- [Task details]: Would you return exactly the lines below from the line with "Of course, this" through the line with "Okay, but for", both included, and nothing else, leaving out the pictures?

Stored items
+ + +

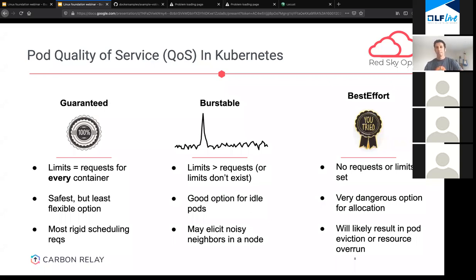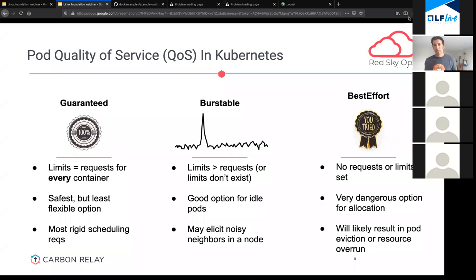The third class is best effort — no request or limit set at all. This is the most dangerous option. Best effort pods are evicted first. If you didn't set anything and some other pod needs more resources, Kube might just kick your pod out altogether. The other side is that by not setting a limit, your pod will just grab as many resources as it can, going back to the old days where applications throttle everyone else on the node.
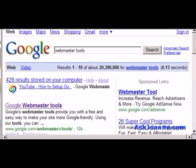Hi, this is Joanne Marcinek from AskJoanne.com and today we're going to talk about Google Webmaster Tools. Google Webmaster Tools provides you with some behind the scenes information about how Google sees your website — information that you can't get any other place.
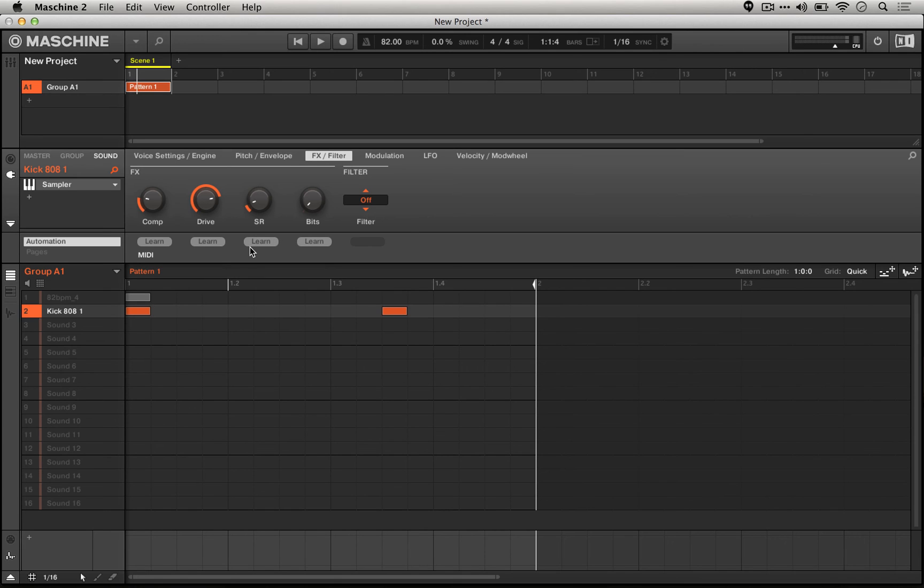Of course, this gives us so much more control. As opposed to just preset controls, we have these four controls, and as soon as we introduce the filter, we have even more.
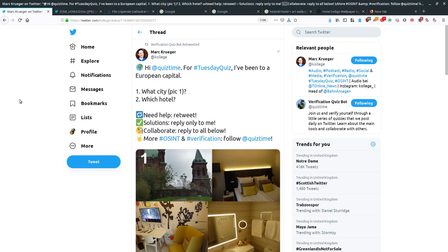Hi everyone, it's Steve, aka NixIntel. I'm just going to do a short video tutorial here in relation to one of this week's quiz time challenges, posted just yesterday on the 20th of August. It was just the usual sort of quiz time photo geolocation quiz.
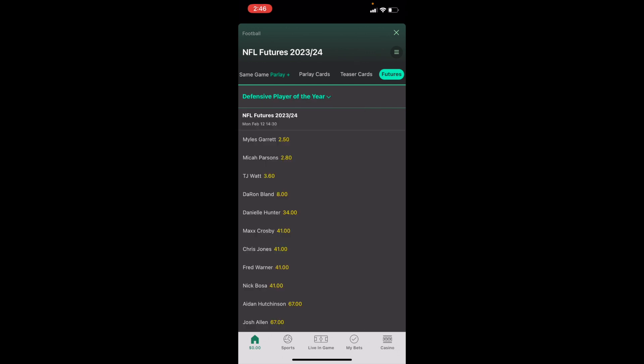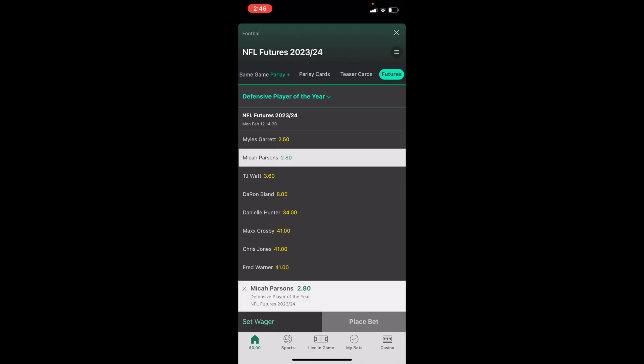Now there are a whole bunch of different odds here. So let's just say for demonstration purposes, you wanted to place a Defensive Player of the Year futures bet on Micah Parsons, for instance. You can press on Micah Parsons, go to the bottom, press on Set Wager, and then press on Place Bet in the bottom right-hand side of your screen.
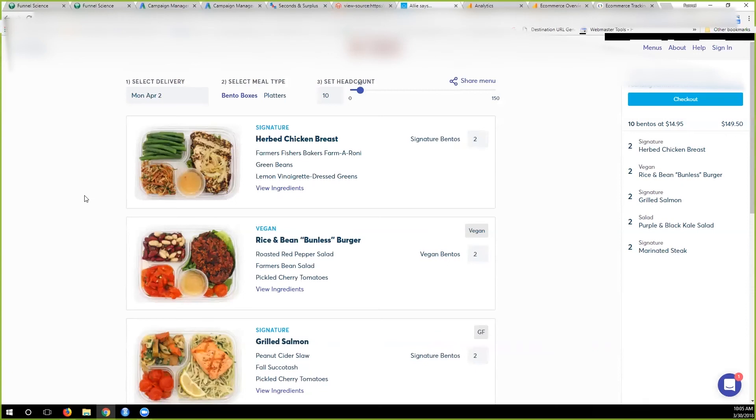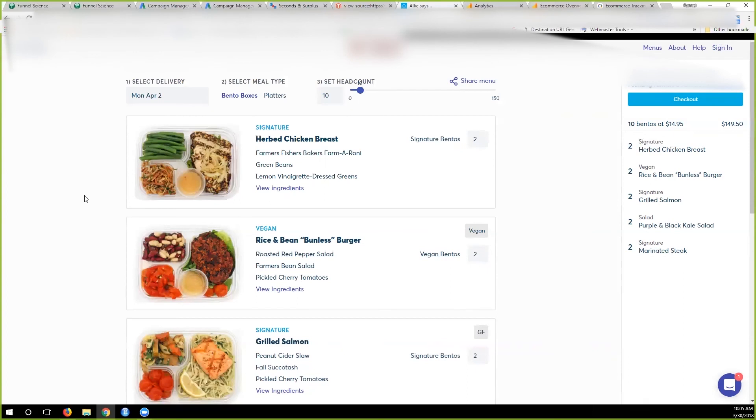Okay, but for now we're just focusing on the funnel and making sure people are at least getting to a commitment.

+ + +

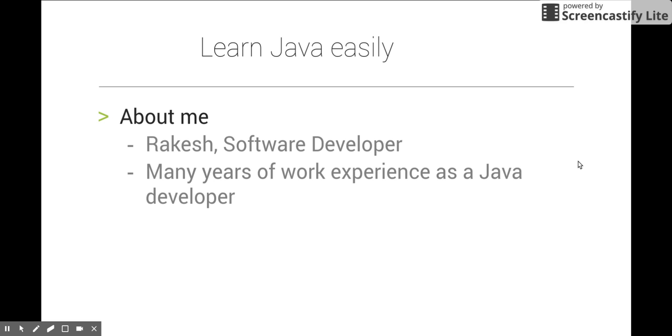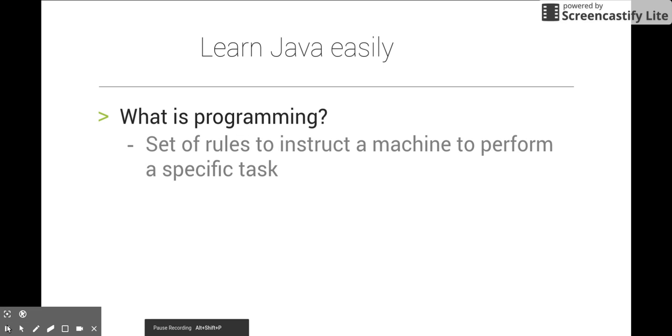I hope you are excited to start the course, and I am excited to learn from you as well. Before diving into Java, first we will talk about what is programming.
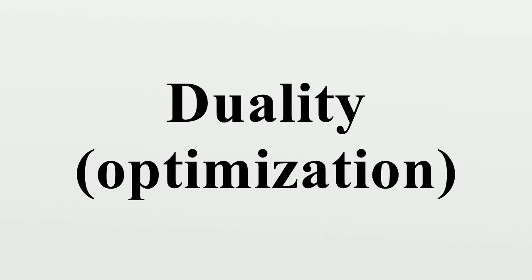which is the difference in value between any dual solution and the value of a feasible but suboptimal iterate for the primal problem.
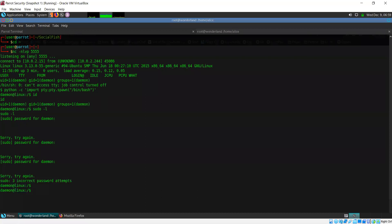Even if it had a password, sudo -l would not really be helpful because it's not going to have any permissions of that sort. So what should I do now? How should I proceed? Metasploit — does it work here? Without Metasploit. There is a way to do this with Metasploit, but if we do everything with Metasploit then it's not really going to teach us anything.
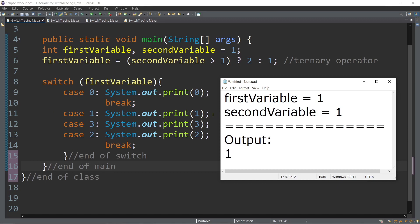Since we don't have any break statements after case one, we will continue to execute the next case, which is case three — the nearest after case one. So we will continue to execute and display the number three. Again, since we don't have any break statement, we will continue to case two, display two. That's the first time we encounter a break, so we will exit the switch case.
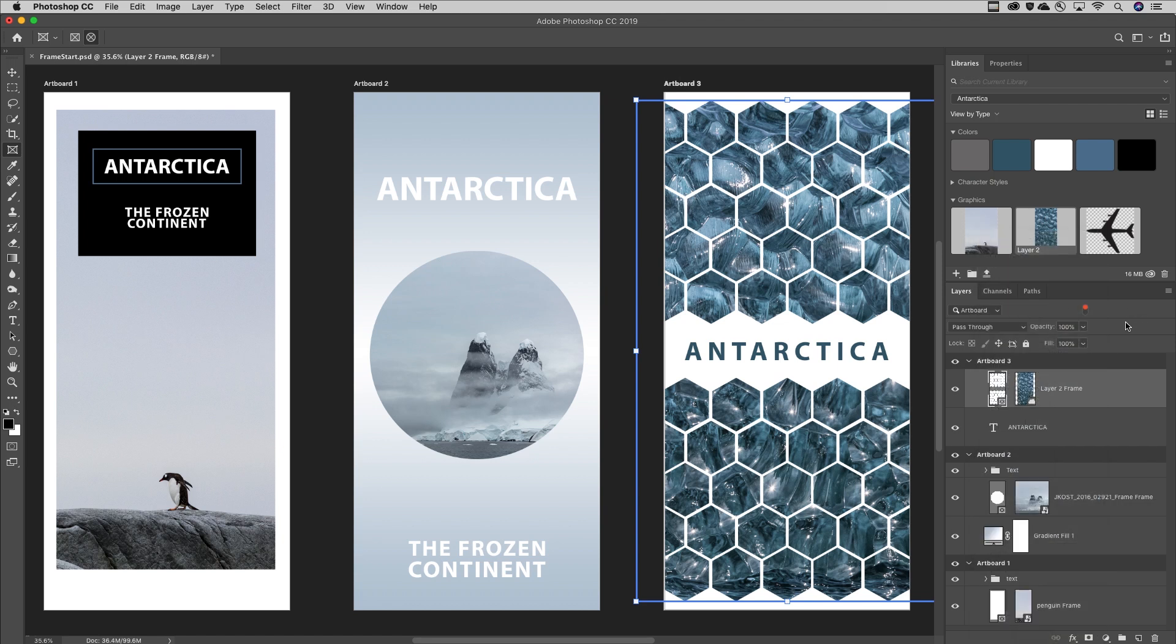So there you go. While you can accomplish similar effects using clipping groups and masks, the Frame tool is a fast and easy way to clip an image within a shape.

+ + +

- [Exercise answer]:
Of course, this gives us so much more control. As opposed to just preset controls, we have these four controls, and as soon as we introduce the filter, we have even more.
Hi everyone, it's Steve, aka NixIntel. I'm just going to do a short video tutorial here in relation to one of this week's quiz time challenges, posted just yesterday on the 20th of August. It was just the usual sort of quiz time photo geolocation quiz.
Now there are a whole bunch of different odds here. So let's just say for demonstration purposes, you wanted to place a Defensive Player of the Year futures bet on Micah Parsons, for instance. You can press on Micah Parsons, go to the bottom, press on Set Wager, and then press on Place Bet in the bottom right-hand side of your screen.
Okay, but for now we're just focusing on the funnel and making sure people are at least getting to a commitment.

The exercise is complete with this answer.